Why CKafka Cross‑Region Sync Stalled at 64KB/s: TCP Window Scaling & Kernel Tuning
This article details a real‑world investigation of severe latency in CKafka cross‑region data synchronization, tracing the issue from high message backlog through network bandwidth tests, kernel parameter adjustments, and finally uncovering a TCP window‑scaling failure caused by SYN‑cookie protection and missing timestamp options.
Background
To meet customers' cross‑region disaster‑recovery and cold‑standby requirements, Tencent Cloud CKafka provides a connector‑based cross‑region data‑sync capability that aims for near‑real‑time, second‑level synchronization. The architecture relies on a Kafka Connect cluster and VPCGW PrivateLink to bridge cloud environments.
Problem Symptoms
In a customer scenario, data synced from a Hong Kong CKafka instance to an East‑US instance exhibited extremely high latency. The Connect consumer on the source side accumulated a large backlog, and the observed consumption rate was only about 325 KB/s, far below expectations.
Initial Analysis – Common Causes of Message Backlog
Broker cluster overload : high CPU, memory, or disk I/O reduces consumption throughput.
Insufficient consumer processing capacity : not enough consumers or inefficient consumer logic.
Consumer crashes : abnormal exits leave messages unconsumed.
Offset commit failures : lead to duplicate consumption or loss.
Network or broker failures : disrupt transmission and storage.
Producer sending too fast : exceeds consumer capacity.
All cluster‑level metrics appeared healthy, and the Connect consumer showed no obvious bottleneck.
First Investigation – Network Throughput
We measured raw network bandwidth between the Hong Kong and East‑US regions using iperf3 and wget. The iperf3 test reported 225 Mbps, and wget achieved about 20 MB/s, indicating that the underlying network link was not the limiting factor.
Second Investigation – Kernel Parameter Tuning
We suspected kernel‑level network settings might be sub‑optimal. The default values were increased and the TCP congestion control algorithm was switched to BBR, which is known to improve long‑haul throughput and reduce latency.
sysctl -w net.core.rmem_max=51200000
sysctl -w net.core.wmem_max=51200000
sysctl -w net.core.rmem_default=2097152
sysctl -w net.core.wmem_default=2097152
sysctl -w net.ipv4.tcp_rmem="40960 873800 671088640"
sysctl -w net.ipv4.tcp_wmem="40960 655360 671088640"
sysctl -w net.ipv4.tcp_congestion_control=bbrAfter applying these changes, latency improvement was minimal.
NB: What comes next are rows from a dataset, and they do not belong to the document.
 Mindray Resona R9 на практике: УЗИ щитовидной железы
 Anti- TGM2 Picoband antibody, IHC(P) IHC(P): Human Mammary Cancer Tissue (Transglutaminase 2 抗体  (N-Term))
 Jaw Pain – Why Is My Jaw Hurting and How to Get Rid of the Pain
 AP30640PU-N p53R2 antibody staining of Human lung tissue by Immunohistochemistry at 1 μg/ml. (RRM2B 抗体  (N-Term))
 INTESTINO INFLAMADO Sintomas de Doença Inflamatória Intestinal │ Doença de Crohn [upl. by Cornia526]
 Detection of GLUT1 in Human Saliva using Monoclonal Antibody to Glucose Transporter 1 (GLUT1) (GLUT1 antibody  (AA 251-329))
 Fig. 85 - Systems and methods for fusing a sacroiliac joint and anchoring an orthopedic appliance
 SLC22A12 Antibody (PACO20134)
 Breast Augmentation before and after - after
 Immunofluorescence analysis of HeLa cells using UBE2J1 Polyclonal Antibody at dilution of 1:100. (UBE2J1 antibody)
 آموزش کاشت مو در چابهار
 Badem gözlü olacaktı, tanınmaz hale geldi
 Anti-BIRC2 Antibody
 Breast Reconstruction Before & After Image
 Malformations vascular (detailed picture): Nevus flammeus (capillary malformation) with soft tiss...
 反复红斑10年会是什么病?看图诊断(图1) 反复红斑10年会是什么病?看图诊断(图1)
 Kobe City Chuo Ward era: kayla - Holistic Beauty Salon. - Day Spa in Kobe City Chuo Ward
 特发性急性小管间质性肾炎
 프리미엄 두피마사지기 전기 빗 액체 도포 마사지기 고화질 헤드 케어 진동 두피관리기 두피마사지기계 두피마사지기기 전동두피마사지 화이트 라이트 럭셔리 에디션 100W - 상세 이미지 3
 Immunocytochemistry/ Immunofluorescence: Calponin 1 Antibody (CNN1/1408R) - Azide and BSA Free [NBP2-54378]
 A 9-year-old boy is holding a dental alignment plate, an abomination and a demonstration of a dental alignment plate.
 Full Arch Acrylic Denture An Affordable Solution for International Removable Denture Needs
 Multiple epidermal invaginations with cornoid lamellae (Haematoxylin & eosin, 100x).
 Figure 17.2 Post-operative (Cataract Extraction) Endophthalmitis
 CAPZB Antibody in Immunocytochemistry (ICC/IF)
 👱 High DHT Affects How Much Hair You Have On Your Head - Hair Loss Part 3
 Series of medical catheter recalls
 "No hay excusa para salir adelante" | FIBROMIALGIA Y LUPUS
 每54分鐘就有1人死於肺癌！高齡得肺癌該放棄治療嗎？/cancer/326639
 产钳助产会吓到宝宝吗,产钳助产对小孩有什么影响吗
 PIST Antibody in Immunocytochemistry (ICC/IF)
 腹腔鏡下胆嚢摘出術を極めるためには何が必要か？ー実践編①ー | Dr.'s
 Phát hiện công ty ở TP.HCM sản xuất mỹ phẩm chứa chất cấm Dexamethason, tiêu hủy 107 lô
Third Investigation – Application‑Level Socket Buffers
We then adjusted Kafka’s socket buffers. The broker’s Socket.Send.Buffer.Bytes was set to use the system’s send buffer, and the Connect consumer’s Receive.Buffer.Bytes was also increased to the system default. Additionally, Max.Partition.Fetch.Bytes was raised to 5 MB.
These changes raised the average consumption speed from ~300 KB/s to over 2 MB/s.
Deeper Dive – TCP Window Scaling Failure
Despite the buffer tweaks, some partitions still exhibited low throughput. Packet captures revealed that for the slow connections the TCP send window was stuck at 64 KB, the historic maximum without window scaling. Normal connections showed a larger window, confirming that the Window Scale option was not being negotiated.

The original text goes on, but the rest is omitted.